**ABOUT THIS TASK**
The copy you print must match the listing exactly, with its pictures removed.

**INFORMATION SUPPLIED**
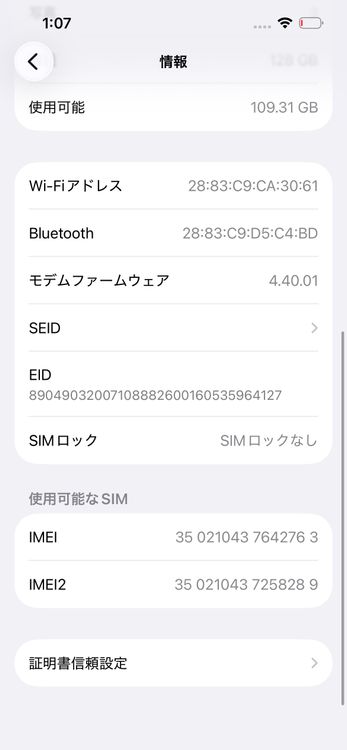 ��� iPhone14 SOFTBANK Starlight 128GB �Хåƥ꡼85% 2763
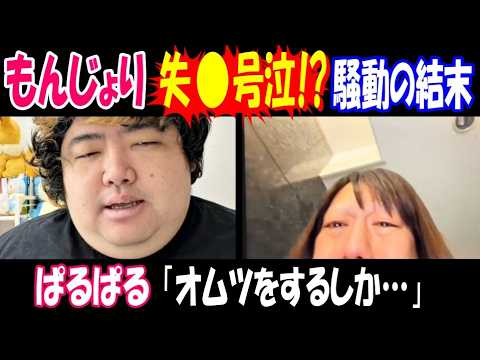 【ぱるぱる】「オムツをするしか…」【もんじょり】失●号泣! 騒動の結末 サムネイル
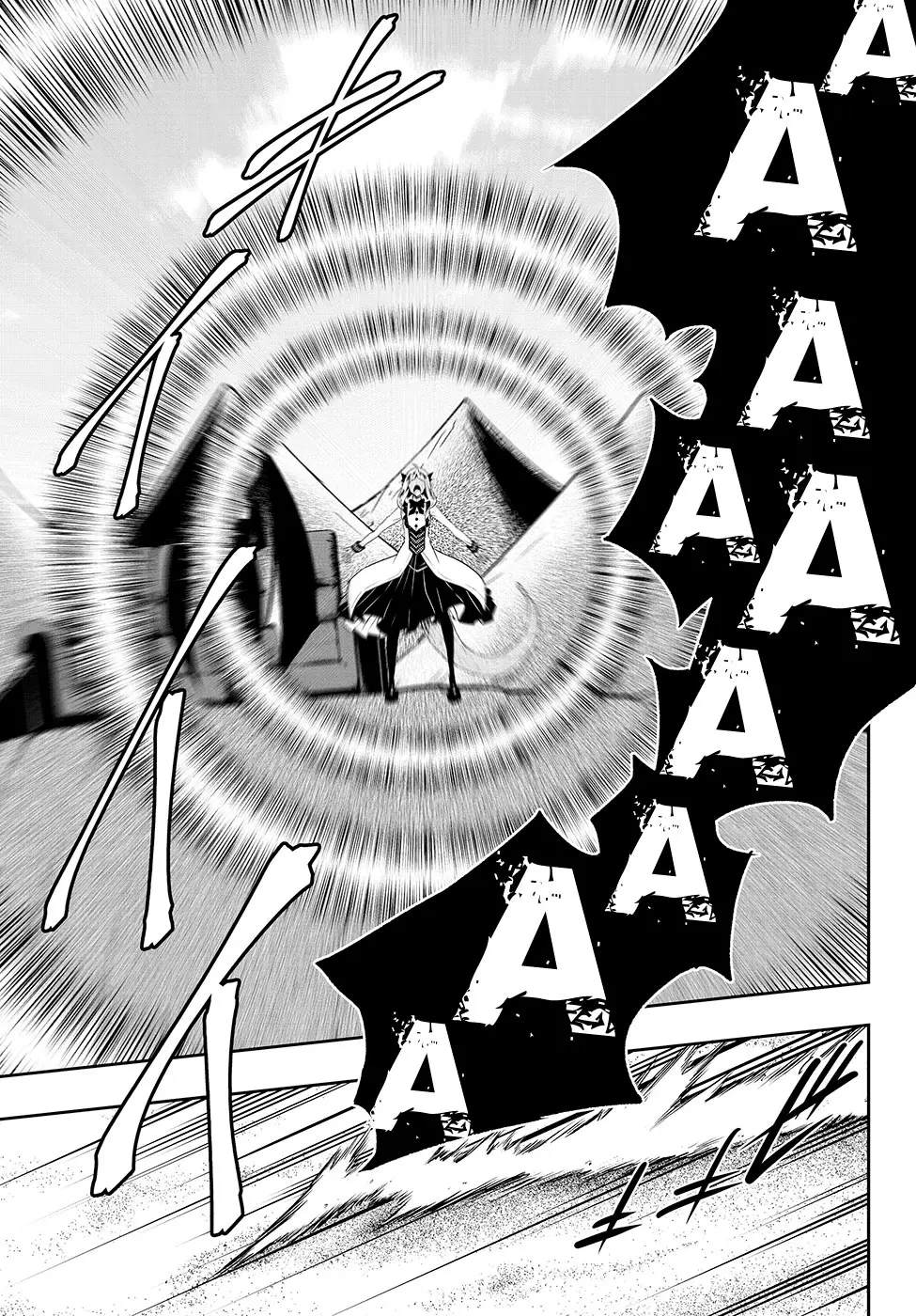 Isekai Maou Animexnovel How To Not Summon A Demon Lord Manga Ch 59.5 Page 06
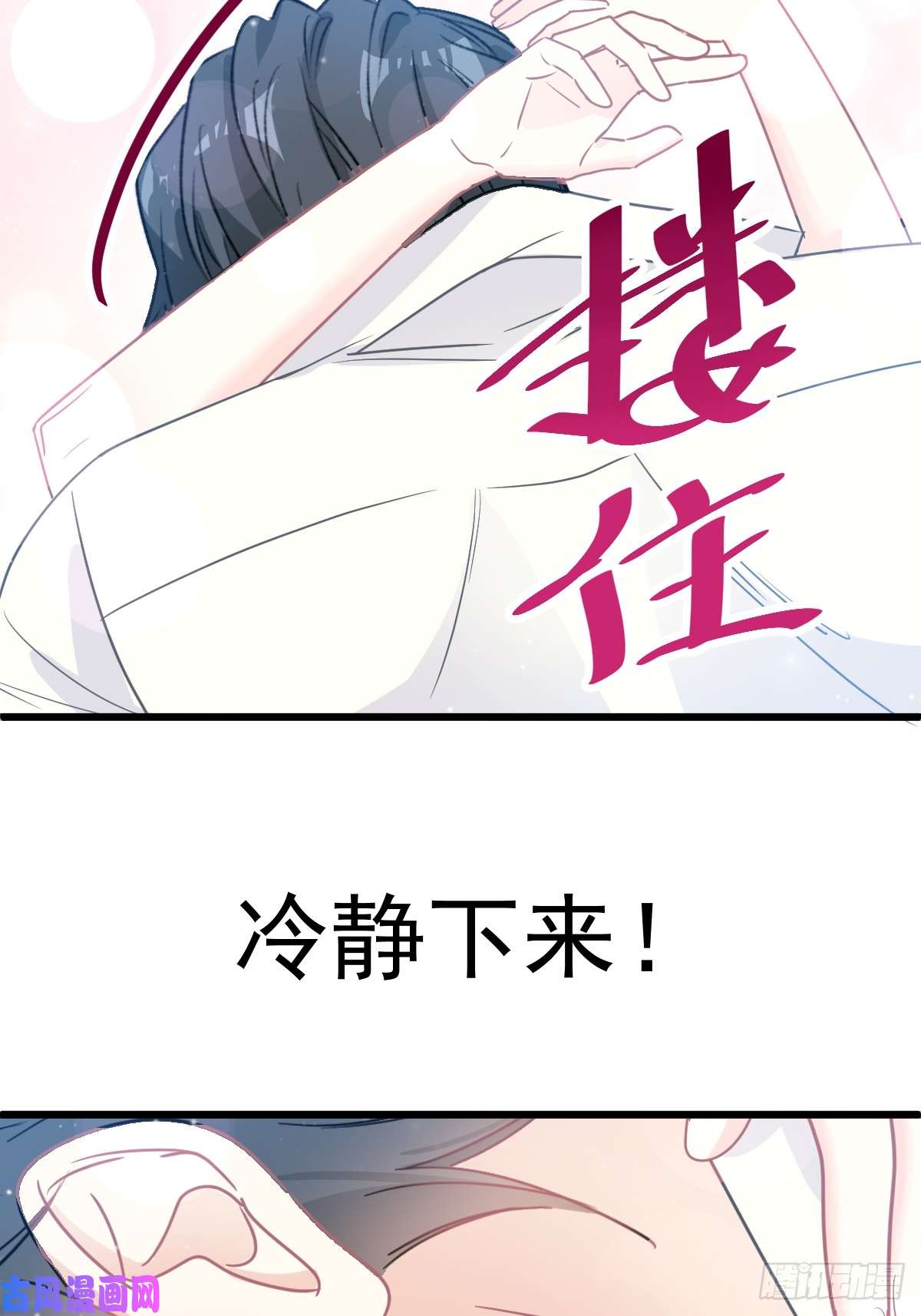 霸道总裁轻点爱060 男人的嘴骗人的鬼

**YOUR SOLUTION**
 ��� iPhone14 SOFTBANK Starlight 128GB �Хåƥ꡼85% 2763
 【ぱるぱる】「オムツをするしか…」【もんじょり】失●号泣! 騒動の結末 サムネイル
 Isekai Maou Animexnovel How To Not Summon A Demon Lord Manga Ch 59.5 Page 06
 霸道总裁轻点爱060 男人的嘴骗人的鬼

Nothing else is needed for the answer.